[Data]:
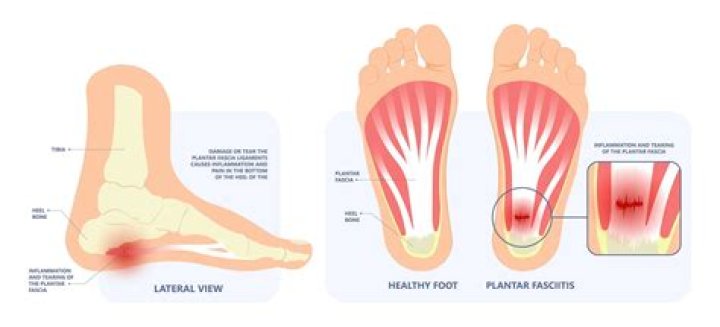 Can rock climbing cause plantar fasciitis?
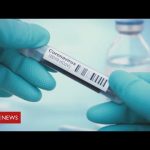 Coronavirus: medical staff struggle to get tested as govt says it’s passed 100,000 target – BBC News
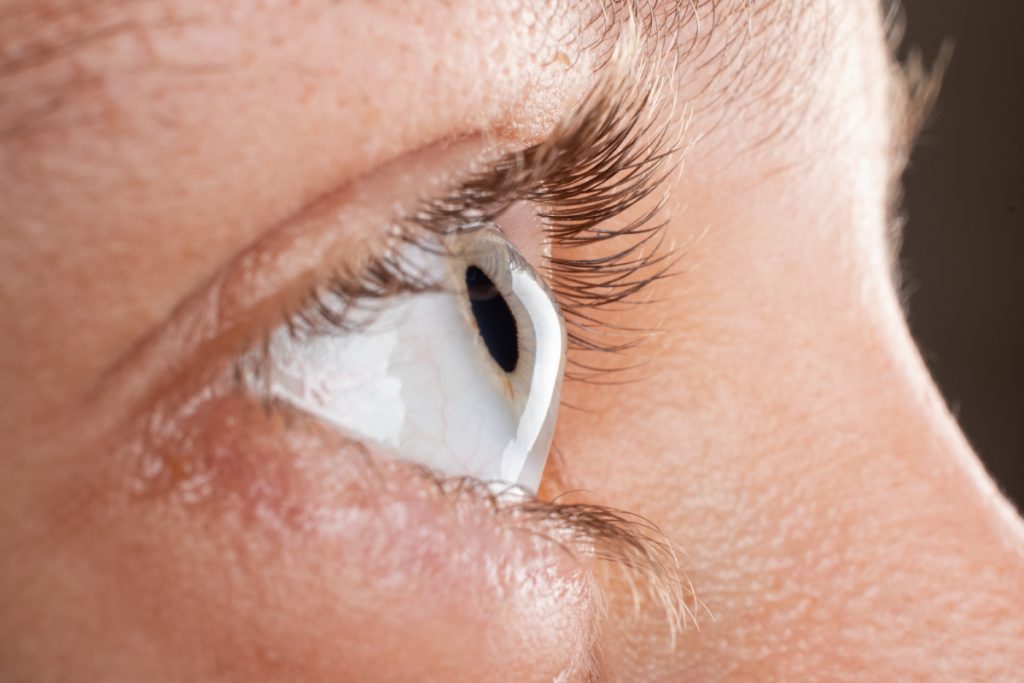Óptica Raga - ojo con queratocono lentes esclerales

[Prompt]:
In the copy you write, the data above must appear exactly, with no pictures.

[Exercise response]:
 Can rock climbing cause plantar fasciitis?
 Coronavirus: medical staff struggle to get tested as govt says it’s passed 100,000 target – BBC News
Óptica Raga - ojo con queratocono lentes esclerales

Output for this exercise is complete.